§ Activity:
Produce a word-for-word copy of the data below.

§ The data:
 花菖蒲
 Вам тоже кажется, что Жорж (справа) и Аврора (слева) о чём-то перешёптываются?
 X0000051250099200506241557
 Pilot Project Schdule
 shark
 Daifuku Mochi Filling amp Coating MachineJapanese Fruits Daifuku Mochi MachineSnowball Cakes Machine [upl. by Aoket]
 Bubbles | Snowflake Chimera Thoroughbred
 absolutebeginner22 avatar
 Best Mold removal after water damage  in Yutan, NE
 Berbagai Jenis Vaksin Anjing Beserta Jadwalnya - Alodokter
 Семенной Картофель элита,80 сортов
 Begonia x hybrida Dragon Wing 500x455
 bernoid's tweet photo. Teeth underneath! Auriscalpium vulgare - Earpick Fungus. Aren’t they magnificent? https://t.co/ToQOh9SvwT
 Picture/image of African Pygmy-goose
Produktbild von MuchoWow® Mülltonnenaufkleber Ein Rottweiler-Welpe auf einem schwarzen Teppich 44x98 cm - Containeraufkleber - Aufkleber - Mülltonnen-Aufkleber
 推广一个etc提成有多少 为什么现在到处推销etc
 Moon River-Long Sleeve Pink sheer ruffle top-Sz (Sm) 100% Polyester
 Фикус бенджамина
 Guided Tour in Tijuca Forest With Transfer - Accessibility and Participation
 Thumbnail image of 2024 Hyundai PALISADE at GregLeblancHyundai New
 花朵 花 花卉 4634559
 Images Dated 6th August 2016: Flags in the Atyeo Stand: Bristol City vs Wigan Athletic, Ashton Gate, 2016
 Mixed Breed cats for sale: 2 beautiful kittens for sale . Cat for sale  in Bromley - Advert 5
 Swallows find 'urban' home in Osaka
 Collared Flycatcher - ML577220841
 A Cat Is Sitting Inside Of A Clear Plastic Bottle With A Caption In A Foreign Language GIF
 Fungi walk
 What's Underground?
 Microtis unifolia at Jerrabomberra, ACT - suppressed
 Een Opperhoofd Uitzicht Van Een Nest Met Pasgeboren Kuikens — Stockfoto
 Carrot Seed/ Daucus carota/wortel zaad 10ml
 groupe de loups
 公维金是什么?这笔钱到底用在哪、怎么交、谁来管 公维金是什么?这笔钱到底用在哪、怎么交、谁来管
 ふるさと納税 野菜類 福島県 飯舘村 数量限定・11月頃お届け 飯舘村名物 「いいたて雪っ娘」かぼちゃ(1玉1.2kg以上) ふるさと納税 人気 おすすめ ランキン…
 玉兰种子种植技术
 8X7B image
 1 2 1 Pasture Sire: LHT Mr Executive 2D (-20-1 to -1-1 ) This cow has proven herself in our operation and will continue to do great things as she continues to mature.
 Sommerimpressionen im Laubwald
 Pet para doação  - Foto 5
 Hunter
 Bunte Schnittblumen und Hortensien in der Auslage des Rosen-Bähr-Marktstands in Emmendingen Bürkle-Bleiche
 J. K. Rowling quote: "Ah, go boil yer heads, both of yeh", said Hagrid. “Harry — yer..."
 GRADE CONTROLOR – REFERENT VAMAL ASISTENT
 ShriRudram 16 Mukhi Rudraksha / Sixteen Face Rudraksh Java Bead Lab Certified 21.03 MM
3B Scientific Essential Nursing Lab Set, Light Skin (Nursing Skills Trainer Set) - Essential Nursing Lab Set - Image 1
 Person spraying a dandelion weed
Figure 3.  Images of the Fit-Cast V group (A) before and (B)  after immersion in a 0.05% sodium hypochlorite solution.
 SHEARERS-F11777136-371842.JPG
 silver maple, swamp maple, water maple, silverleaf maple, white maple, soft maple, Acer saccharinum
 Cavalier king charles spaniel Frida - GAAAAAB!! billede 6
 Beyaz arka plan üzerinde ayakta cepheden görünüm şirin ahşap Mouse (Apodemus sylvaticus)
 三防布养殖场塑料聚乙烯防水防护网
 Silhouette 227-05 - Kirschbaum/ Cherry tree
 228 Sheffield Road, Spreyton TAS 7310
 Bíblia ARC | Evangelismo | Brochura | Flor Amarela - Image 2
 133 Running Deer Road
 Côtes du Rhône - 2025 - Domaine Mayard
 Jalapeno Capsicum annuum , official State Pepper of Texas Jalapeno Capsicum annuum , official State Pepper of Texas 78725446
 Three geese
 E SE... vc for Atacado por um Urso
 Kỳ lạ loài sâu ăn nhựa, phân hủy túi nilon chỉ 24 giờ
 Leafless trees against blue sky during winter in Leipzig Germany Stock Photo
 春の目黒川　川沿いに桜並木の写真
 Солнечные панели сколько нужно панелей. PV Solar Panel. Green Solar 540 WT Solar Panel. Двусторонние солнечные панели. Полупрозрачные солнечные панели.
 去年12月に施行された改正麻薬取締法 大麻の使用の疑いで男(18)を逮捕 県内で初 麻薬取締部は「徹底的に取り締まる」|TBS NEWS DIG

§ Result for this exercise:
 花菖蒲
 Вам тоже кажется, что Жорж (справа) и Аврора (слева) о чём-то перешёптываются?
 X0000051250099200506241557
 Pilot Project Schdule
 shark
 Daifuku Mochi Filling amp Coating MachineJapanese Fruits Daifuku Mochi MachineSnowball Cakes Machine [upl. by Aoket]
 Bubbles | Snowflake Chimera Thoroughbred
 absolutebeginner22 avatar
 Best Mold removal after water damage  in Yutan, NE
 Berbagai Jenis Vaksin Anjing Beserta Jadwalnya - Alodokter
 Семенной Картофель элита,80 сортов
 Begonia x hybrida Dragon Wing 500x455
 bernoid's tweet photo. Teeth underneath! Auriscalpium vulgare - Earpick Fungus. Aren’t they magnificent? https://t.co/ToQOh9SvwT
 Picture/image of African Pygmy-goose
Produktbild von MuchoWow® Mülltonnenaufkleber Ein Rottweiler-Welpe auf einem schwarzen Teppich 44x98 cm - Containeraufkleber - Aufkleber - Mülltonnen-Aufkleber
 推广一个etc提成有多少 为什么现在到处推销etc
 Moon River-Long Sleeve Pink sheer ruffle top-Sz (Sm) 100% Polyester
 Фикус бенджамина
 Guided Tour in Tijuca Forest With Transfer - Accessibility and Participation
 Thumbnail image of 2024 Hyundai PALISADE at GregLeblancHyundai New
 花朵 花 花卉 4634559
 Images Dated 6th August 2016: Flags in the Atyeo Stand: Bristol City vs Wigan Athletic, Ashton Gate, 2016
 Mixed Breed cats for sale: 2 beautiful kittens for sale . Cat for sale  in Bromley - Advert 5
 Swallows find 'urban' home in Osaka
 Collared Flycatcher - ML577220841
 A Cat Is Sitting Inside Of A Clear Plastic Bottle With A Caption In A Foreign Language GIF
 Fungi walk
 What's Underground?
 Microtis unifolia at Jerrabomberra, ACT - suppressed
 Een Opperhoofd Uitzicht Van Een Nest Met Pasgeboren Kuikens — Stockfoto
 Carrot Seed/ Daucus carota/wortel zaad 10ml
 groupe de loups
 公维金是什么?这笔钱到底用在哪、怎么交、谁来管 公维金是什么?这笔钱到底用在哪、怎么交、谁来管
 ふるさと納税 野菜類 福島県 飯舘村 数量限定・11月頃お届け 飯舘村名物 「いいたて雪っ娘」かぼちゃ(1玉1.2kg以上) ふるさと納税 人気 おすすめ ランキン…
 玉兰种子种植技术
 8X7B image
 1 2 1 Pasture Sire: LHT Mr Executive 2D (-20-1 to -1-1 ) This cow has proven herself in our operation and will continue to do great things as she continues to mature.
 Sommerimpressionen im Laubwald
 Pet para doação  - Foto 5
 Hunter
 Bunte Schnittblumen und Hortensien in der Auslage des Rosen-Bähr-Marktstands in Emmendingen Bürkle-Bleiche
 J. K. Rowling quote: "Ah, go boil yer heads, both of yeh", said Hagrid. “Harry — yer..."
 GRADE CONTROLOR – REFERENT VAMAL ASISTENT
 ShriRudram 16 Mukhi Rudraksha / Sixteen Face Rudraksh Java Bead Lab Certified 21.03 MM
3B Scientific Essential Nursing Lab Set, Light Skin (Nursing Skills Trainer Set) - Essential Nursing Lab Set - Image 1
 Person spraying a dandelion weed
Figure 3.  Images of the Fit-Cast V group (A) before and (B)  after immersion in a 0.05% sodium hypochlorite solution.
 SHEARERS-F11777136-371842.JPG
 silver maple, swamp maple, water maple, silverleaf maple, white maple, soft maple, Acer saccharinum
 Cavalier king charles spaniel Frida - GAAAAAB!! billede 6
 Beyaz arka plan üzerinde ayakta cepheden görünüm şirin ahşap Mouse (Apodemus sylvaticus)
 三防布养殖场塑料聚乙烯防水防护网
 Silhouette 227-05 - Kirschbaum/ Cherry tree
 228 Sheffield Road, Spreyton TAS 7310
 Bíblia ARC | Evangelismo | Brochura | Flor Amarela - Image 2
 133 Running Deer Road
 Côtes du Rhône - 2025 - Domaine Mayard
 Jalapeno Capsicum annuum , official State Pepper of Texas Jalapeno Capsicum annuum , official State Pepper of Texas 78725446
 Three geese
 E SE... vc for Atacado por um Urso
 Kỳ lạ loài sâu ăn nhựa, phân hủy túi nilon chỉ 24 giờ
 Leafless trees against blue sky during winter in Leipzig Germany Stock Photo
 春の目黒川　川沿いに桜並木の写真
 Солнечные панели сколько нужно панелей. PV Solar Panel. Green Solar 540 WT Solar Panel. Двусторонние солнечные панели. Полупрозрачные солнечные панели.
 去年12月に施行された改正麻薬取締法 大麻の使用の疑いで男(18)を逮捕 県内で初 麻薬取締部は「徹底的に取り締まる」|TBS NEWS DIG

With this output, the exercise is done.